Kehinde desembarcou sozinha na Bahia e foi levada à ilha de Itaparica para ser escrava de companhia da Sinhazinha. Ao chegar ao Brasil, a interação com a população daqui, já bem diversificada, permitiu o surgimento de uma cultura própria, de caráter afro-brasileiro e assim começa sua saga no Brasil. Na fazenda, a protagonista passa boa parte de sua infância e adolescência, sendo sexualmente abusada pelo senhor e tendo seu primeiro filho, Banjokô. Começa a trabalhar como escrava de ganho e consegue comprar sua liberdade. Casa-se com Alberto, um comerciante português, e tem um filho chamado Omotunde Adeleke Danbiran.
Ligada às tradições de sua família, Kehinde dá nomes africanos a seus filhos. Os nomes são escolhidos em cerimônias às escondidas, nos porões da casa grande. As cerimônias de nome, feita por um babalaô, afirmam que uma pessoa não tem um nome, ela é o nome que carrega. Seu segundo filho veio de uma relação estável se chamava Omotunde Adeleke Danbiran. O primeiro nome Omotunde “a criança voltou” o segundo nome Adeleke que significa “a criança será mais poderosa que os inimigos” e o terceiro nome Danbiran é um nome que homenageia a avó de Kehinde. O pai deu o nome branco de Luiz, e aqui, Ana Maria Gonçalves lança a hipótese de que Kehinde e Luisa Mahin poderiam ter sido a mesma mulher - mãe de Luiz Gama, jornalista e poeta que foi um expoente no final do século XIX e lutou contra a escravatura e a favor da liberdade. Luisa Mahin foi uma líder feminista que participou da Revolta dos Maleses na qual a autora se inspirou para reconstituir ficcionalmente a história de Kehinde e, através dela, das condições de vida dos escravos na Bahia do século XIX.
O livro chama a atenção para o fato da protagonista ter uma vida marcada por andanças: Savalu, Uidá, Bahia, Rio de Janeiro, São Paulo, Campinas, por quase todo o Brasil até a sua volta África. Mudanças que modificaram Kehinde ao longo do tempo.

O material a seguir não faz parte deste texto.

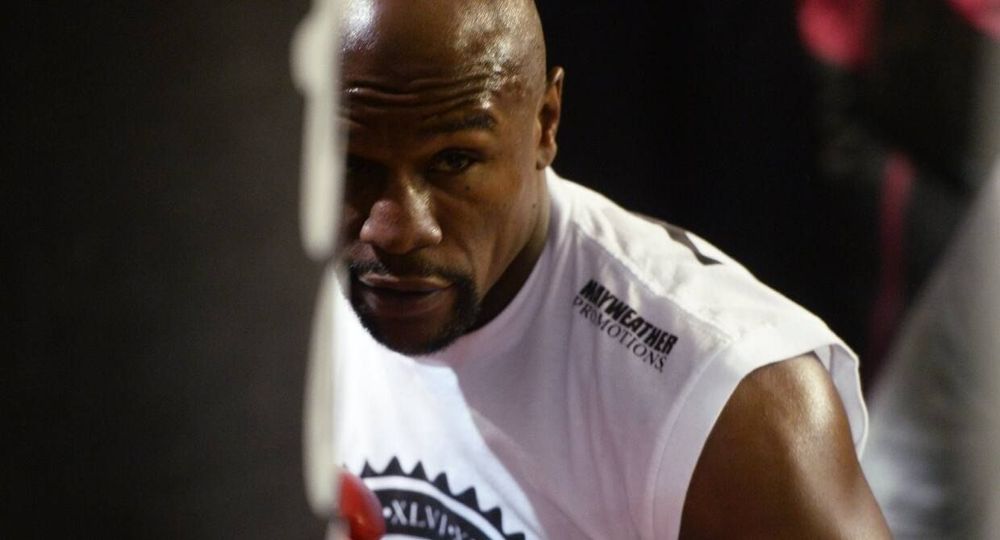 Мейвезер принял условия президента UFC и готов драться по правилам MMA. Но первый на очереди не Хабиб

Essa nova personalidade nos é revelada no romance quando ela retorna a Uidá assumindo seu nome de branca, e passa a ser chamada de Sinhá Luíza, tanto pelos retornados quanto pelos que nunca haviam saído de lá. A explicação plausível para essa mudança deve-se ao fato de que Kehinde ao voltar para suas origens tenha perdido sua identidade original. Kehinde que ao chegar ao Brasil mantinha suas origens com a terra mãe, depois, conscientemente assume a sua nova identidade.
África, em sua volta, um novo campo comercial se abre para ela que não se recusa a negociar armas, pólvora, óleo de dendê tanto para os reis africanos quanto para os brasileiros de Salvador. Não demonstrando escrúpulos ao vender armas que seriam usadas no comércio de escravos, em nome de sua própria fortuna e segurança. Kehine reflete sobre isso, não aprova, mas comércio é comércio.

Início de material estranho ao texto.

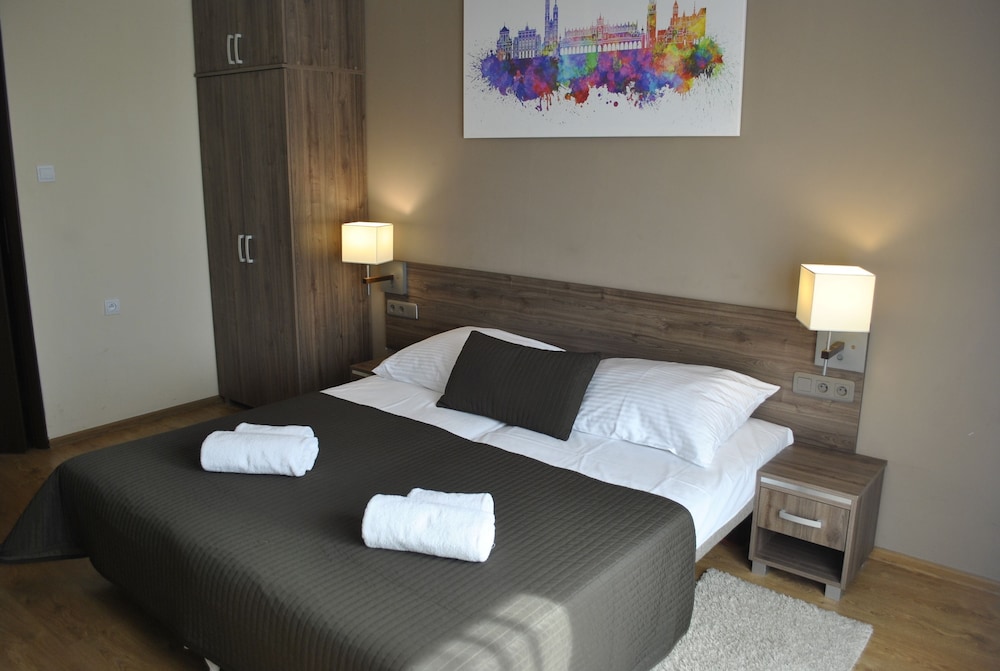 Milano - Cracovia, Aeroporto Giovanni Paolo II - Balice - Hotel Zakliki
Milano - Cracovia, Aeroporto Giovanni Paolo II - Balice - Hotel Zakliki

A saga de Kehinde não para. Outras histórias de amor, perdas e afetos se desenrolam até a última página, mas vou ficando por aqui antes que me alongue e conte o livro todo.
Uma das grandes virtudes de “Um defeito de cor” é que não é um livro sobre a vitimização, é uma biografia ficcional que constrói um discurso que nos aponta as marcas das experiências históricas e cotidianas dos afrodescendentes do país. Um livro que nos conduz a conhecer parte de nossa história, costumes e mutações sociais através de uma personagem que não se deixa prender no estereótipo do herói, mas que imprime sua personalidade a cada direção, a cada oportunidade aceita. E faz valer cada página lida.
Imperdível para os que gostam de um bom romance e de uma história bem contada.